___ PROVIDED DATA ___

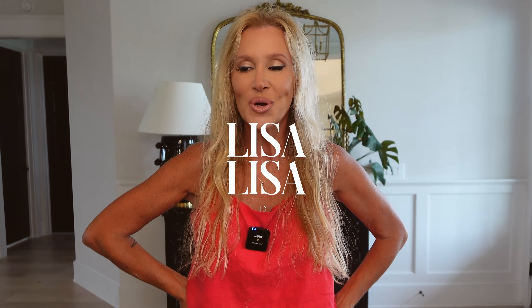Hey guys, it's Lisa. Today we're going to have a mega marathon of try-ons.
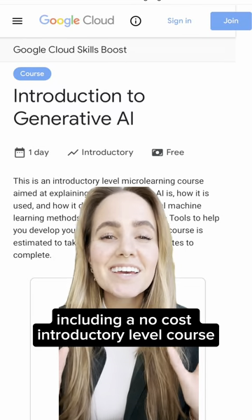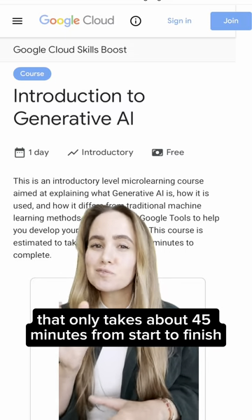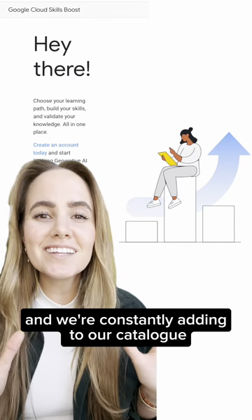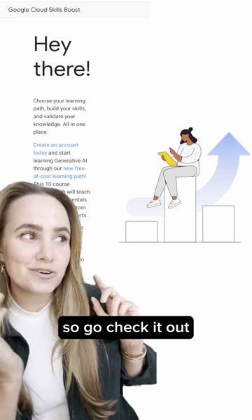Including a no-cost, introductory level course that only takes about 45 minutes from start to finish. And we're constantly adding to our catalog of training on Google Cloud Skills Boost. So go check it out.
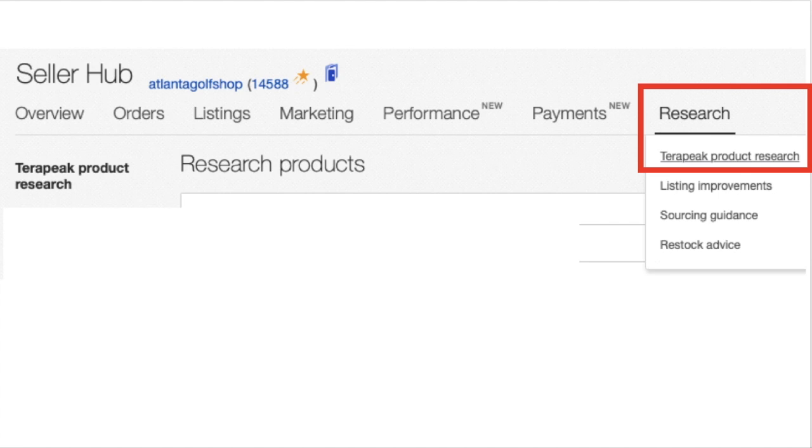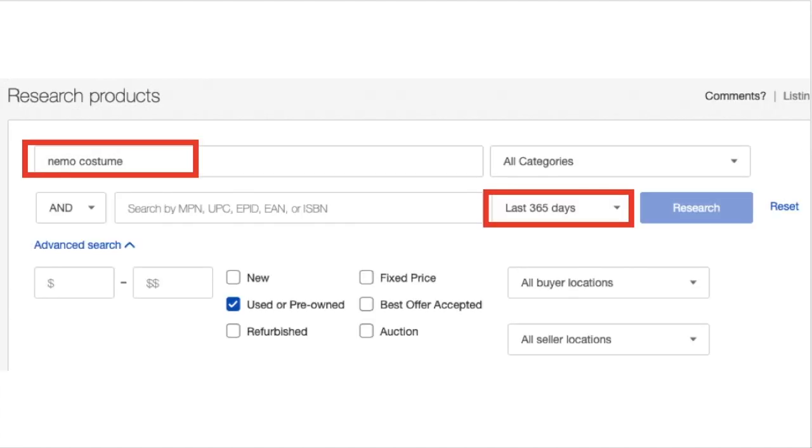Back to Nemo. I like to use the free Terapeak research tool and look back 365 days on unique items like this, so you can see if there are any seasonal fluctuations to help you know what your best-case scenario price might be. You can find Terapeak on your Seller Hub under Research. Put in your keywords — in this case, 'Nemo costume' — choose your time period (I chose last 365 days), and I usually choose used or pre-owned since that's what I normally find.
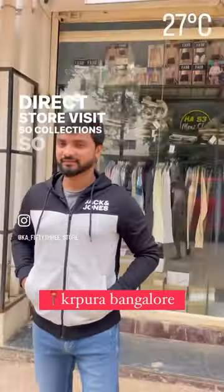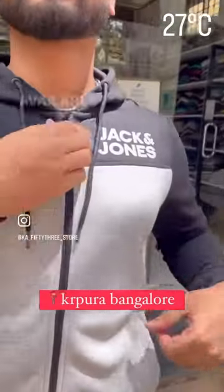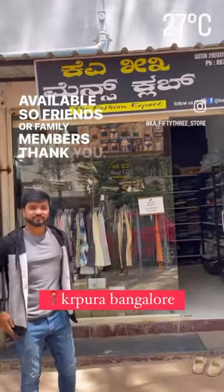So you will see the collections. So direct store, you can visit. Check Google Maps for the collection available. Friends and family members can share this video. Thank you.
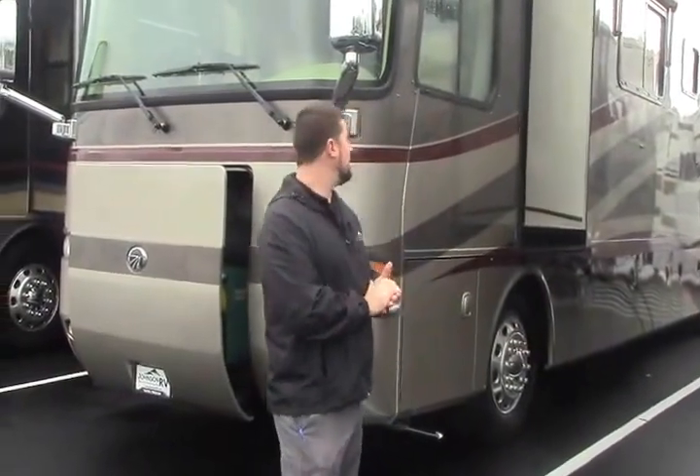Hi folks, Aaron Sparks here at Johnson RV in Sandy, Oregon, home of the Premium Pre-Owned Superstore. Thanks for joining me today.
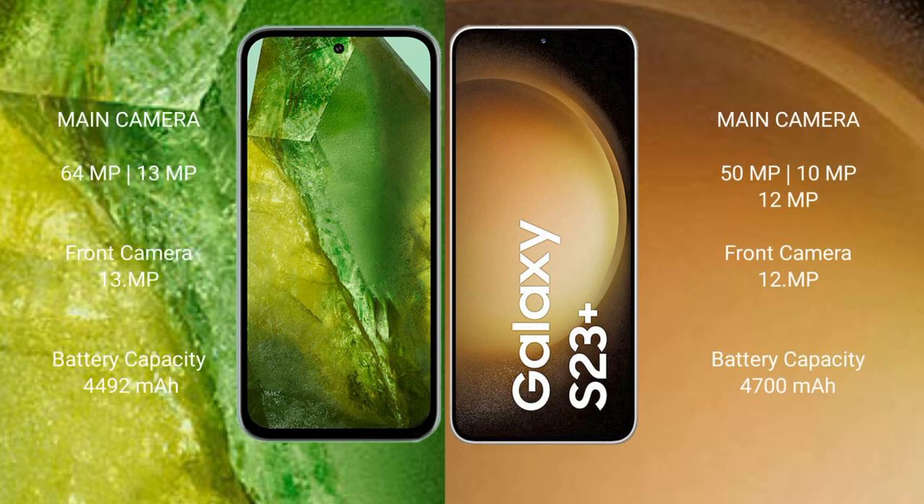Google Pixel 8a also has a dual camera setup: 64 megapixel plus 13 megapixel rear camera, and a 13 megapixel front camera. Samsung Galaxy S23 Plus has a triple camera setup: 50 megapixel plus 12 megapixel rear camera, and a 12 megapixel front camera.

___

INSTRUCTIONS FOR THE TASK: All of the data above needs to be given again exactly. Leave out each image.

RESPONSE AREA:
Hey guys, it's Lisa. Today we're going to have a mega marathon of try-ons.
Including a no-cost, introductory level course that only takes about 45 minutes from start to finish. And we're constantly adding to our catalog of training on Google Cloud Skills Boost. So go check it out.
Back to Nemo. I like to use the free Terapeak research tool and look back 365 days on unique items like this, so you can see if there are any seasonal fluctuations to help you know what your best-case scenario price might be. You can find Terapeak on your Seller Hub under Research. Put in your keywords — in this case, 'Nemo costume' — choose your time period (I chose last 365 days), and I usually choose used or pre-owned since that's what I normally find.
So you will see the collections. So direct store, you can visit. Check Google Maps for the collection available. Friends and family members can share this video. Thank you.
Hi folks, Aaron Sparks here at Johnson RV in Sandy, Oregon, home of the Premium Pre-Owned Superstore. Thanks for joining me today.
Google Pixel 8a also has a dual camera setup: 64 megapixel plus 13 megapixel rear camera, and a 13 megapixel front camera. Samsung Galaxy S23 Plus has a triple camera setup: 50 megapixel plus 12 megapixel rear camera, and a 12 megapixel front camera.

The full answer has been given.